A filosofia marciana explicada
Ficção
Finalmente, a filosofia marciana é compreendida e explicada. Ela provê o indivíduo com a capacidade de perceber o ponto de vista do outro. Ela não vai necessariamente fazer a pessoa concordar com o ponto de vista, mas sim reconhecê-lo e entender como o outro se sente a respeito. Com a nova filosofia, o indivíduo precisa aceitar a validade do conhecimento e das opiniões de outro homem, incluindo o sentimento por trás delas. Enfim, o real significado por trás das palavras. A verdadeira compreensão dessa filosofia teria o poder de mudar a humanidade.
Reflexão
Enquanto no livro a assimilação da ideia pela raça humana ajudou a “destruir” a humanidade como a conhecemos, dispersando o ser humano e contribuindo ainda mais para o efeito “Júpiter”, na prática esse pensamento, de fortes raízes espíritas, pode ser a chave para um verdadeiro respeito entre os homens.
O que importa não é o quão chocante essa mudança filosófica possa, eventualmente, parecer. Ela é apenas um exemplo. O mais interessante é considerar o fato de que poderíamos alterar nossas crenças pessoais e filosofias de milênios de história para um novo entendimento que poderia fazer a raça humana evoluir como nunca antes. Evolução conduzida pela espiritualidade ou pela “humanidade” e não pela tecnologia, como muitos apostariam.
Bastante filosofia para ser analisada – não é algo que esperaríamos extrair de um livro de 200 páginas de ficção científica, escrito há mais de meio século.
CONCLUSÃO FINAL
A primeira conclusão a que cheguei ao analisar todas essas histórias e ideias é que um escritor que viveu no século passado pode ter muito mais a acrescentar à humanidade, em um único livro, do que um diretor de cinema em muitos filmes.
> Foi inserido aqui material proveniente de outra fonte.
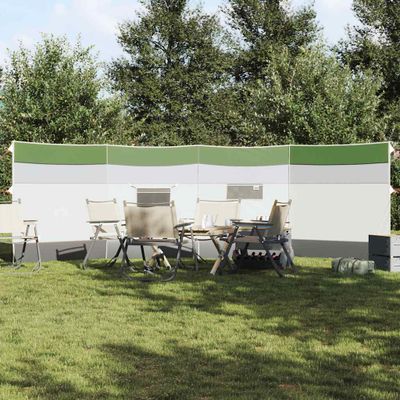 vidaXL Kempingový vetrolam zelený 510x153 cm vodeodolný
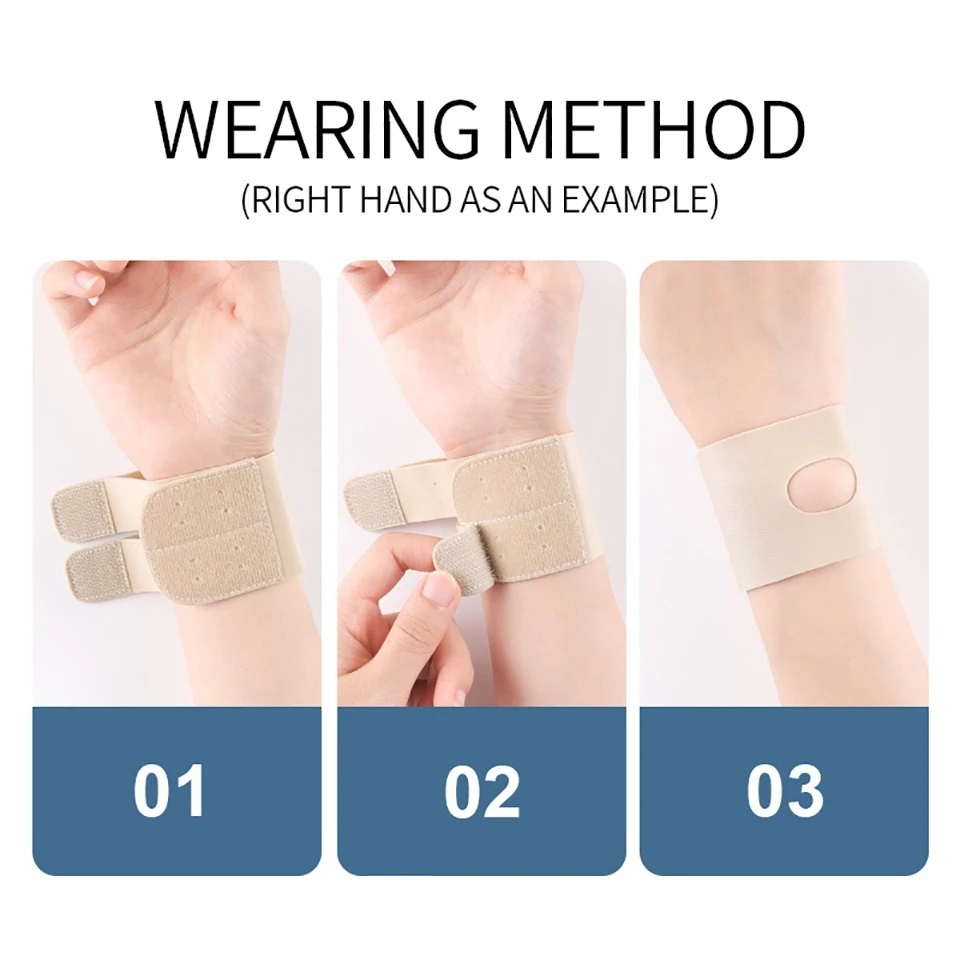 1PC Portable Adjustable Thin Pain Wrist Band Brace Injury TFCC Tear Injury Brace Men Women Sports Yoga Soft Ulnar Fix Wrist Band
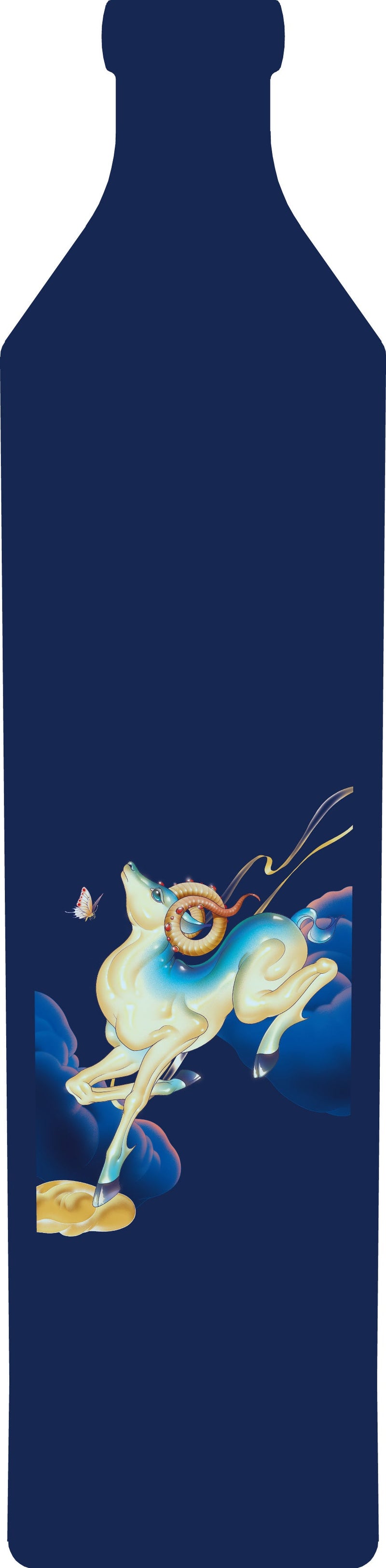 Load image into Gallery viewer, Johnnie Walker Blue Label Year of The Fire Goat Lunar New Year By JiaYi Li Blended Scotch Whisky - Main Street Liquor
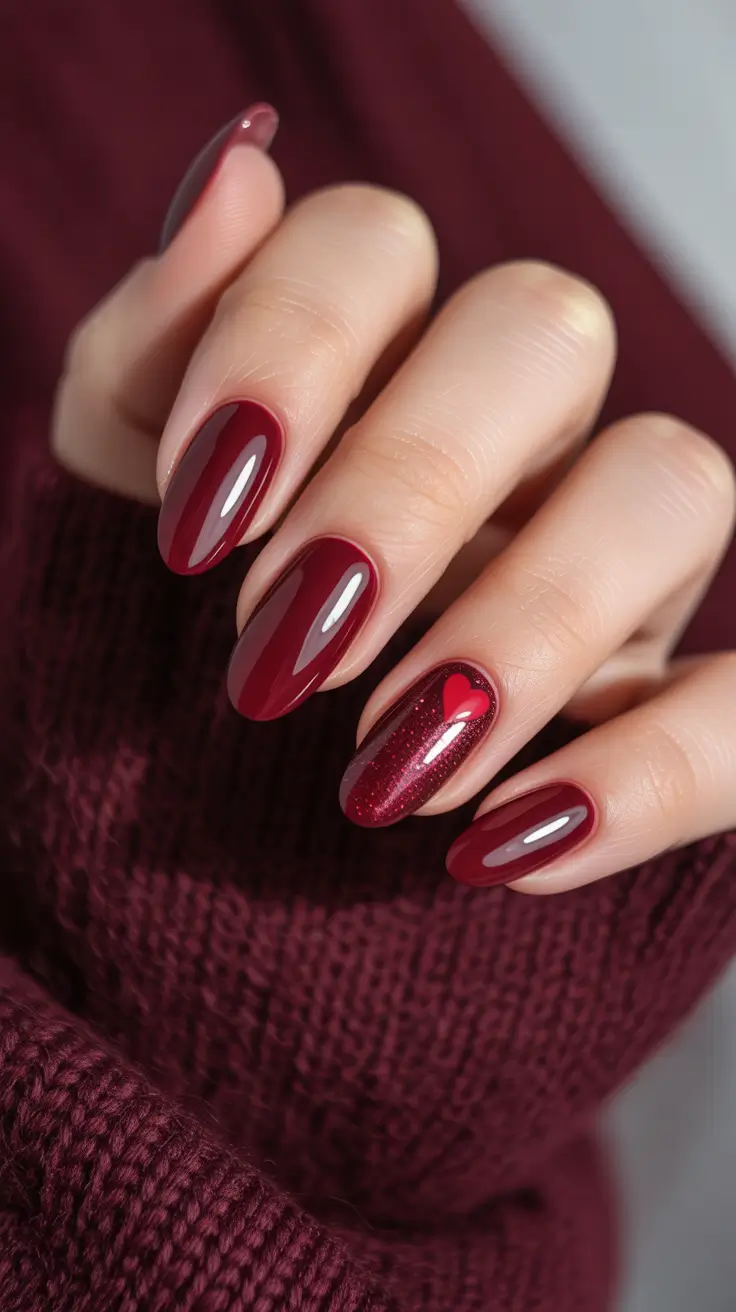 red winter nails 2025 2026 Heart of Winter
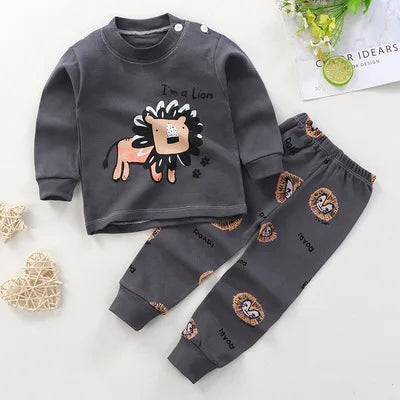 2024 New Spring Autumn Cotton Children's sets Baby Boy girls Clothes Clothing Suit 0-3 year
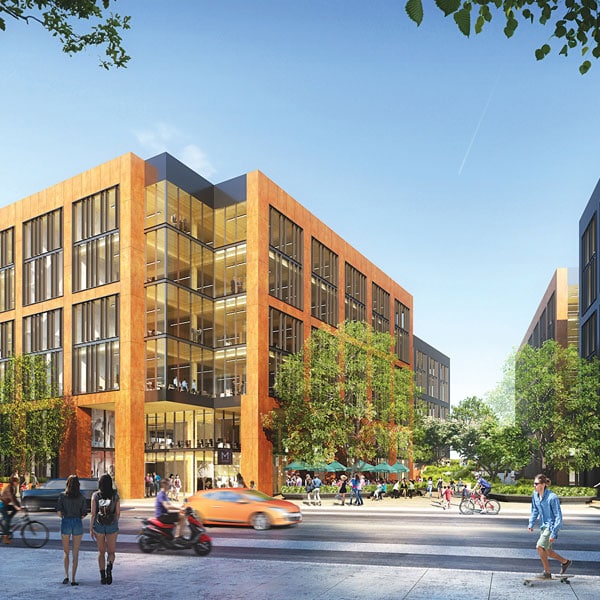 Artistic rendering of the Railyards project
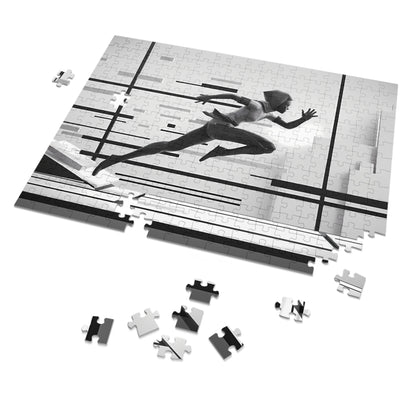 "Velocity in the Digital Realm" - Jigsaw Puzzle (30, 110, 252, 500,1000-Piece)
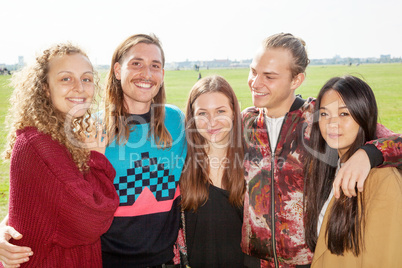 Group of young people in the park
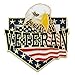 Veteran American Flag Eagle Lapel Pin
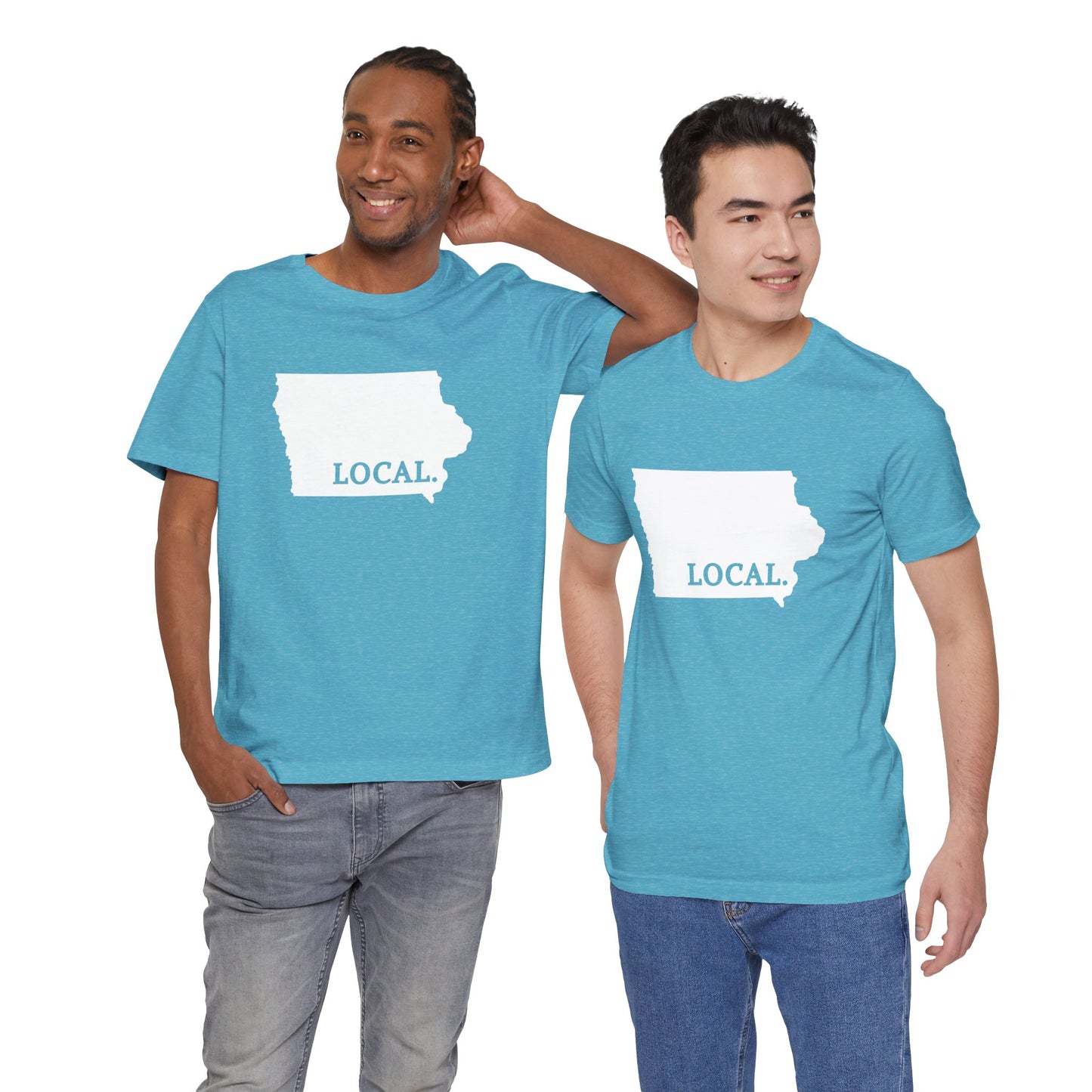 Iowa Local Home Sweet Home Tee Cyclone and Hawkeye State Colors Shirt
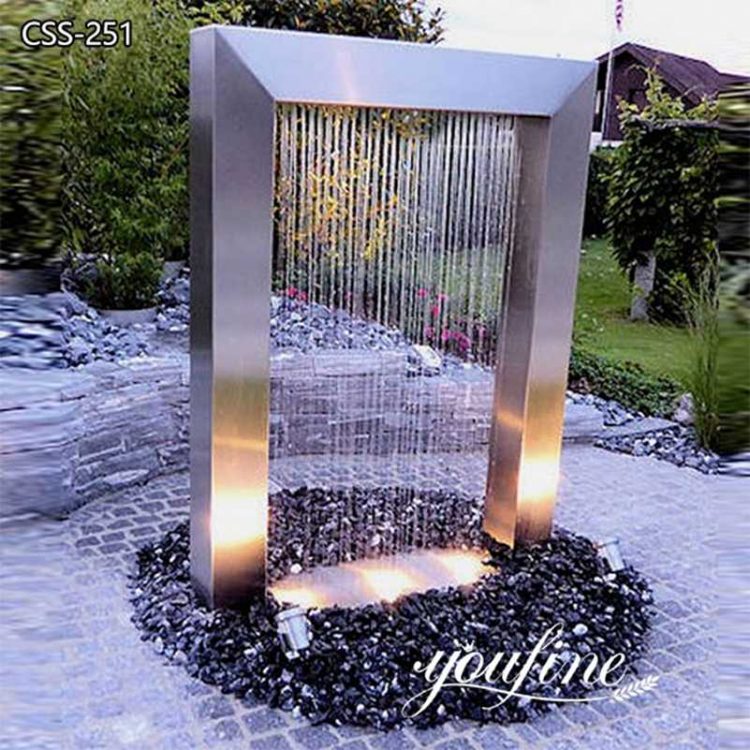 Outdoor Garden Stainless Steel Water Feature Sculpture for Sale CSS-251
A segunda conclusão é de que não podemos subestimar e tampouco negligenciar o passado, pois ele representa a base do que somos hoje, e ainda pode trazer muitas reflexões importantes. Afinal, onde encontrar esse tipo de pensamento capaz de abrir nossos horizontes, na literatura ou nas artes contemporâneas?
A conclusão final é que muito do que vivemos está baseado em nossas profundas crenças, costumes e forma de pensar. É impossível se libertar de todas as amarras, mas qualquer esforço nesse sentido é válido. Afinal, o homem não descobriu nem vai descobrir as respostas para todos os questionamentos.